Meet Redis – Memory, Persistence and Advanced Data Structures

 

redis

In my previous post I introduced Redis and shown a very basic client application that interacts with it. So with basics covered by that post to want to touch on some more advanced, frequently misunderstood  features of Redis, mainly persistence. Unlike many other NoSQL in-memory distributed  key value stores Redis actually offers data persistence.  There are two main persistence options with Redis:

  • RDB. The RDB persistence (default mode) performs point-in-time snapshots of your dataset at specified intervals
  • AOF. The AOF (append-only file) persistence – which logs every write operation received by the server, that can later be “played” again at server startup, reconstructing the original dataset (commands are logged using the same format as the Redis protocol itself).

As mentioned RDB is default. This method is great for following:

  • RDB is a very compact single-file point-in-time representation of your Redis data. RDB files are perfect for backups
  • RDB is very good for disaster recovery, being a single compact file can be transferred to far data centers or cloud providers (Azure  Storage)
  • Most performing option. The only work the Redis parent process needs to do in order to persist is forking a child that will do all the rest.

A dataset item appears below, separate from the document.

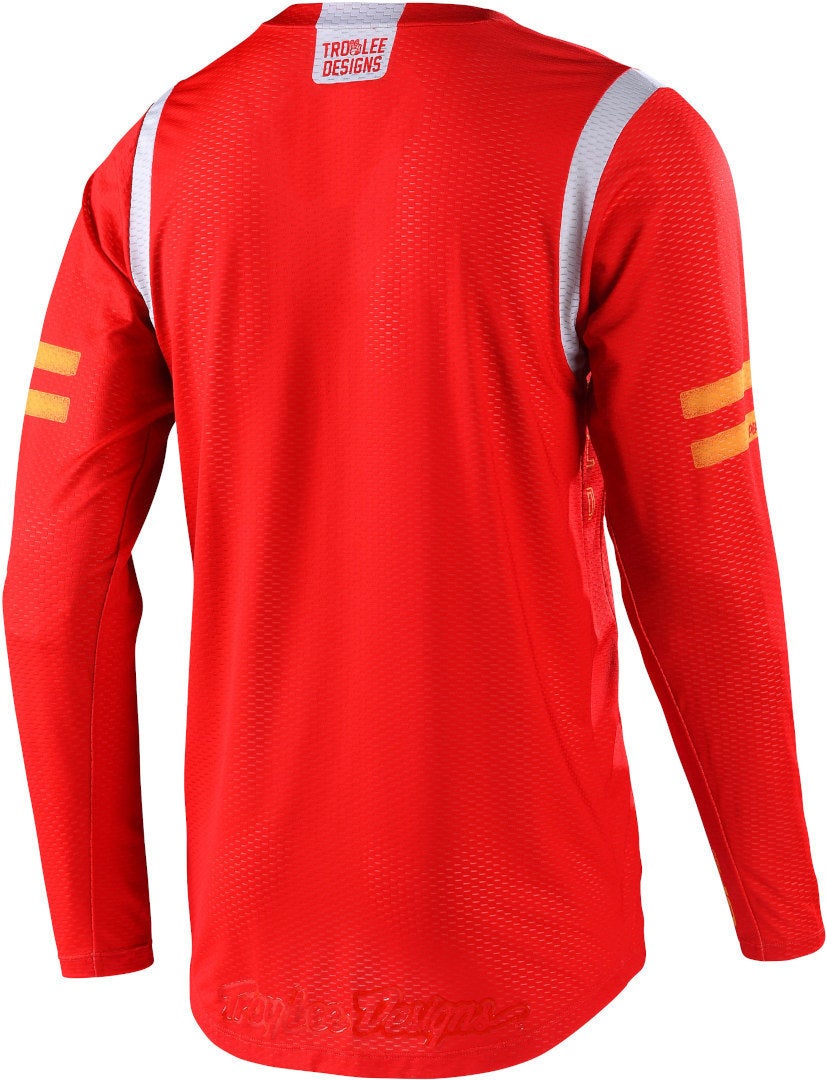 Troy Lee Designs GP Air Roll Out Motorcross Jersey rood/wit XL Figuur 2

However, RDB may not be best for:

  • Not the best HA strategy in case of power or server outage. As you understand all of the data after snapshot is gone on restore. For example if you snapshot every 10 minutes, you may lose up to  last 10 minutes of data.
  • RDB needs to fork() often in order to persist on disk using a child process. Fork() can be time consuming if the dataset is big, and may result in Redis to stop serving clients for some millisecond or even for one second if the dataset is very big and the CPU performance not great

AOF on the other hand logs every write operation and can be replayed on startup (oh how it sounds like SQL transaction logs or Oracle REDO logging) . Pluses for this approach can be:

  • Much more durable, more accepted HA
  • The AOF log is an append only log, so there are no seeks, nor corruption problems if there is a power outage. Even if the log ends with an half-written command for some reason (disk full or other reasons) the redis-check-aof tool is able to fix it easily.
  • Redis is able to automatically rewrite the AOF in background when it gets too big. The rewrite is completely safe as while Redis continues appending to the old file, a completely new one is produced with the minimal set of operations needed to create the current data set, and once this second file is ready Redis switches the two and starts appending to the new one.

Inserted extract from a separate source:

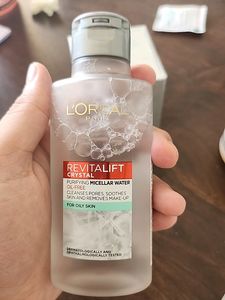 Loreal paris Revitalift Crystal Gel Cream, Micellar Water And Absolut Repair Hair Mask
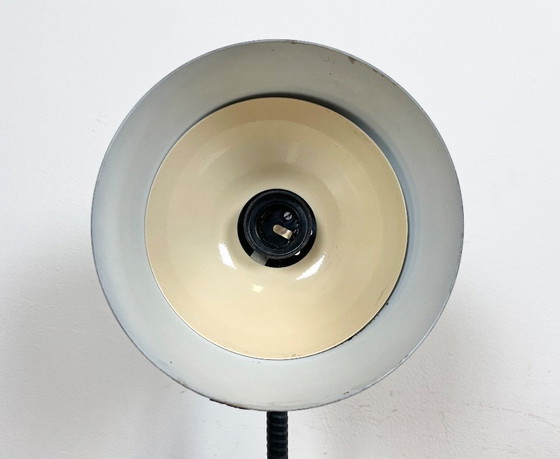 Image 1 of Black Industrial Gooseneck Table Lamp, 1960s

Minuses for AOF are quite obvious:

  • Performance overhead and slower write operations.
  • AOF files are usually bigger than the equivalent RDB files for the same dataset.

What should I use for my application?

It depends. If you are using Redis strictly as in-memory distributed cache store backed by some RDBMS, like SQL Server or MySQL, using Cache Aside Pattern – http://msdn.microsoft.com/en-us/library/dn589799.aspx, you may not need persistence outside of occasional backup (lets say every 24 hours) provided by RDB. You will get obviously more transaction performance minimizing any kind of Disk IO. If on the other hand, you want a degree of data safety roughly comparable to database, you should use both persistence methods. If you are somewhere in the middle, care a lot about your data, but still can live with a few minutes of data lose in case of disasters, you can simply use RDB alone. Redis docs discourage use of AOF alone, since to have an RDB snapshot from time to time is a great idea for doing database backups, for faster restarts, and in the event of bugs in the AOF engine. In my opinion, although Redis is fine NoSQL in-memory cache product its no substitute for RDBMS , as it lacks HA and other features of full RDBMS product like SQL Server so don’t attempt to substitute RDBMS with Redis. It’s a different product for different purpose.  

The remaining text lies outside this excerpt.